Haghi is an odd character and it seems like parts of his story are no longer part of the film. Certainly clever and ruthless as a villain, his reasoning for foiling the treaty is not clear beyond causing chaos. The story takes an odd turn during the third act with the introduction of Agent 719. Although his face is never shown and the actor awkwardly avoids the camera by walking off screen in an unnatural manner, Lang's camera placement allows too much to be seen and it's clearly Klein-Rogge. Having Haghi as a double agent is a very good plot twist, but I am not sure what is gained having it revealed so late. To further complicate matters, Agent 719 performs as a clown (named Nemo, perhaps) and is a big draw. Why is not clear, and it leads to a very bizarre resolution.

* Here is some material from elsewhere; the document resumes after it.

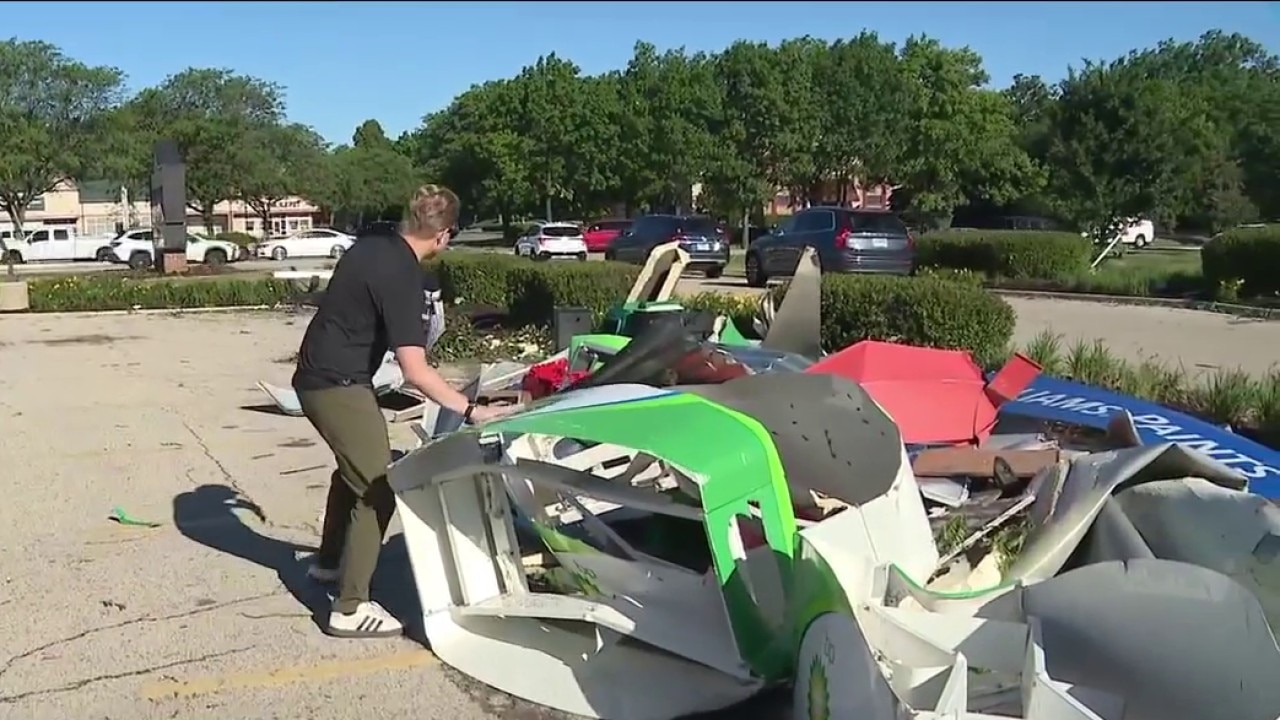Suburban gas station debris carried away by powerful winds during Illinois tornado outbreak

Although slightly hampered by age and a story that doesn't always make sense, Lang's 'Spies' is fun adventure that while shot on a small scale comes across big in scope thanks to the direction and production values.
The Blu-ray: Vital Disc Stats
Kino Classics presents 'Spies' on a 50GB Region A Blu-ray disc housed in a standard blue keepcase. The disc boots up directly to the menu screen without any promotional advertisements.
The video has been given a 1080p/AVC-MPEG-4 encoded transfer displayed at 1.28:1. On screen title cards reveal “'Spies' was restored in 2004 by the Friedrich Wilhelm Murnau Stiftung. The primary source element is a nitrate print from the Nardoni Filmovy Archiv (Prague), supplemented by prints held by the Filmarchiv Austria (Vienna), the National Film and Sound Archive, Australia (Canberra), and the Cinematheque Francaise (Paris). The original intertitles come from the Viennese print, as well as 'flash titles' found in a dupe negative held by Gosfilmofond Moscow. Missing titles were reconstructed using the censor registration documents. Laboratory work was performed by L'Immagine Ritovata (Bologna). The 35mm master negative was used as the foundation for this 2k digital restoration."
The image is certainly adversely affected from wear and age. Film grain fluctuates, as do the black levels. Agent 326 wears a tuxedo, which looks gray while he rides in the back of a cab and then turns inky while he is in an abandoned home. Whites and grays are similarly inconsistent, all affecting the contrast. There are many specks and scratches of black and white. Some scenes have so many white lines running through the frame, it looks like rain.
The film delivers very good depth and great detail. An example of how fine the detail is in a close-up of a hand holding Sonya's necklace that reveals the many lines of the palm. Some of the shots are framed with black curves at the top like looking through a telescope, and the soft edges of the black curves move.
There are instances of what looks like light having bled onto the negative, film jitter, and light flicker, although the latter might result from the lower frame rate the film was shot in. When Haghi calls for a Colonel Jellusic (Fritz Rasp) to be killed, the light shining off his head almost looks posterized.
The audio is available in Dolby Digital 2.0 and Neil Brand's impressive piano score is the lone element. The instrument comes through with great clarity. There is a satisfying dynamic range, as Brand captures many moods, and an adequate bass presentation. The track is free of defect.
While the overall grade might be low because of the limitations the sources caused with the high-def presentation, I would still recommend Fritz Lang's 'Spies' to silent-film fans who should be able to look past the visual flaws and appreciate the film for its entertainment value and historical significance.